In two motions filed Friday in US District Court in Boston, prosecutors said evidence at Bulger’s eight-week racketeering trial showed that he raked in $25,162,800 from shaking down drug dealers, businessmen, and one of his murder victims, Arthur “Bucky” Barrett.
The filing marked the first time prosecutors have publicly put a dollar amount on Bulger’s racketeering enterprise.
Bulger was convicted in August of 31 of 32 counts in a sweeping federal racketeering indictment as jurors found that he participated in 11 of 19 murders in the 1970s and 1980s that he was charged with. He is scheduled to be sentenced in November.
In their filings Friday, prosecutors said evidence showed that the proceeds from Bulger’s racketeering conspiracy totaled “millions upon millions upon millions of dollars.”
Prosecutors included a chart detailing the money Bulger extorted from drug dealers, bookmakers, and businessmen, many of whom described how a menacing Bulger shoved guns in their faces and threatened to kill them if they did not pay him. Evidence at trial showed Bulger made weekly earnings in the 1980s that totaled more than $20 million just from marijuana and cocaine trafficking.
Bulger, who had been one of the FBI’s 10 Most Wanted, was captured in June 2011 after more than 16 years on the run, living in a rent-controlled apartment in Santa Monica, Calif., with girlfriend Catherine Greig. The FBI found $822,000 in cash and 30 guns in the apartment, most of it inside holes Bulger had cut in the walls and covered with plaster.
Agents also seized a memoir that Bulger had been writing.
Prosecutors told US District Judge Denise J. Casper, who presided over Bulger’s trial, that they were seeking the cash and other property from the apartment. But Bulger wanted to keep a 1986 Stanley Cup ring from the Montreal Canadiens championship because he said it was a gift.
The ring is a replica, prosecutors said, and indicated that authorities may try to seize it, even if it was a gift, to satisfy the judgment against Bulger.
Prosecutors wrote that the government may take depositions of witnesses to try to locate other assets the gangster has. Once the judge issues a forfeiture order, prosecutors said anyone with a legal claim to Bulger’s assets must immediately petition the court.
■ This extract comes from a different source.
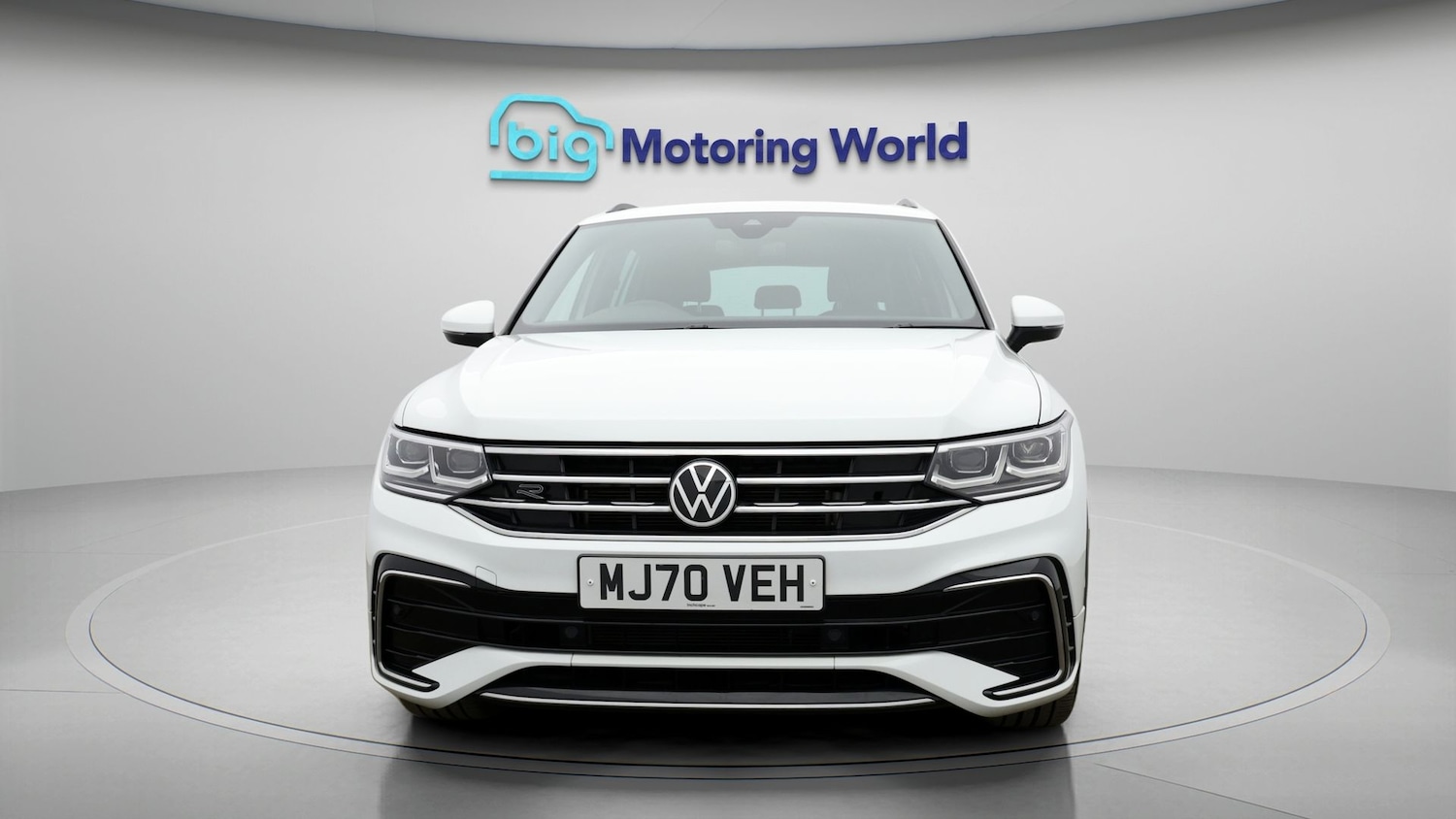 Used Volkswagen Tiguan 2020 for sale - 78028064: Photo 2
Jurors at his trial had been unable to reach a verdict on whether the government proved Bulger strangled 26-year-old Debra Davis in 1981. But when Bulger was a fugitive, a Norfolk County judge found he was liable for Davis’s murder and awarded her family a $15 million judgment.
Julie (Rakes) Dammers has a federal lien against Bulger for $29 million, which she was awarded by a federal judge who found that the gangster extorted a South Boston liquor store from her and her husband.
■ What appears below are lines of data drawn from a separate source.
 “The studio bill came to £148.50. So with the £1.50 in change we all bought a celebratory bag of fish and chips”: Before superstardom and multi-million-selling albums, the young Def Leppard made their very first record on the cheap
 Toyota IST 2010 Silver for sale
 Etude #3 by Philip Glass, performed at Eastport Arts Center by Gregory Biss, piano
“There may be a lot of other judgments that exist throughout different courtrooms, but the only one that is perfected legally is the one we have,” said Boston attorney Anthony Cardinale, who represents Dammers. He said the lien is against the cash seized from Bulger’s California hideout.
Some of Bulger’s property and cash were already forfeited to the government in civil case while he was on the run. Bulger forfeited $2 million in lottery winnings from 1991; $99,335 from a Boston safe deposit box; a condominium in Clearwater, Fla., that sold for $106,709; and the liquor store extorted from Dammers and her husband in 1984.
While Bulger was a fugitive, the FBI seized the contents of safe deposit boxes belonging to the gangster in London, Dublin, Florida, and Canada. The FBI said the London box contained $50,000. Yet, the government has never disclosed all of the assets seized.
After his arrest, Bulger said he could not afford a lawyer because his money had been seized, and he was appointed lawyers at taxpayer expense.
Bulger’s defense team billed the government more than $2.6 million between June 2011 and June of this year, and that amount will climb to cover costs from July and August while his trial was underway, according to court records.